▸ **What to produce**: Print nothing but the lines below starting at the line that holds "<strong>Get the <a" and ending at the line that holds "Pelaksana Tugas (Plt)", including both, each exactly as written.

▸ **Recorded information**:
···
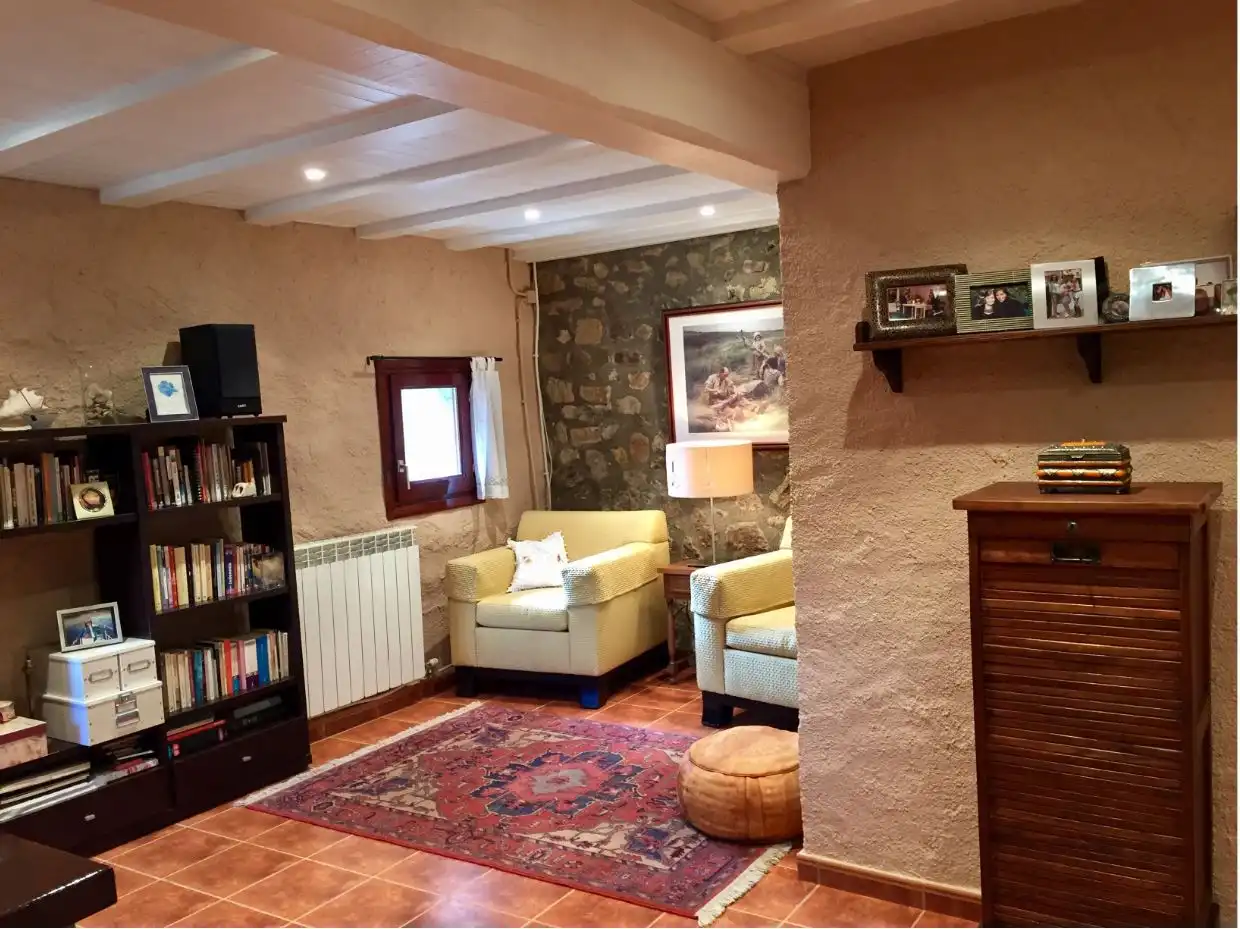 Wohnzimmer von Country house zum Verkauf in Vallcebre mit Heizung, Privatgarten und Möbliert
···
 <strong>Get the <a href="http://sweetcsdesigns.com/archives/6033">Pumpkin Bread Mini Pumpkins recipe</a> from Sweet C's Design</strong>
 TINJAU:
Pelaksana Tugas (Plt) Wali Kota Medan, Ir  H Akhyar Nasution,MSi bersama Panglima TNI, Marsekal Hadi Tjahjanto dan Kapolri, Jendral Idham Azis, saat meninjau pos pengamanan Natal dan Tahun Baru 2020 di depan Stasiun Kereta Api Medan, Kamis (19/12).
···
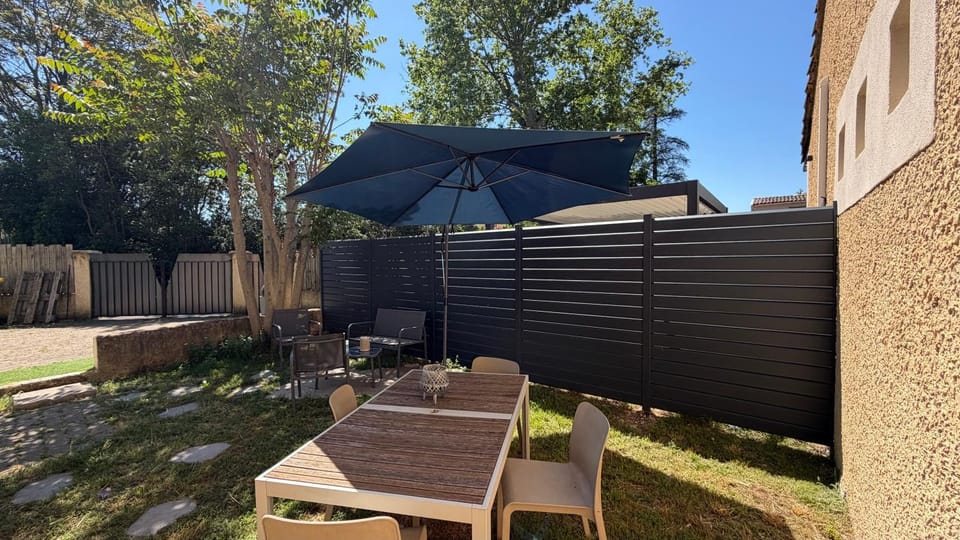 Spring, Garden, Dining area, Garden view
···
▸ **Solution**:
 <strong>Get the <a href="http://sweetcsdesigns.com/archives/6033">Pumpkin Bread Mini Pumpkins recipe</a> from Sweet C's Design</strong>
 TINJAU:
Pelaksana Tugas (Plt) Wali Kota Medan, Ir  H Akhyar Nasution,MSi bersama Panglima TNI, Marsekal Hadi Tjahjanto dan Kapolri, Jendral Idham Azis, saat meninjau pos pengamanan Natal dan Tahun Baru 2020 di depan Stasiun Kereta Api Medan, Kamis (19/12).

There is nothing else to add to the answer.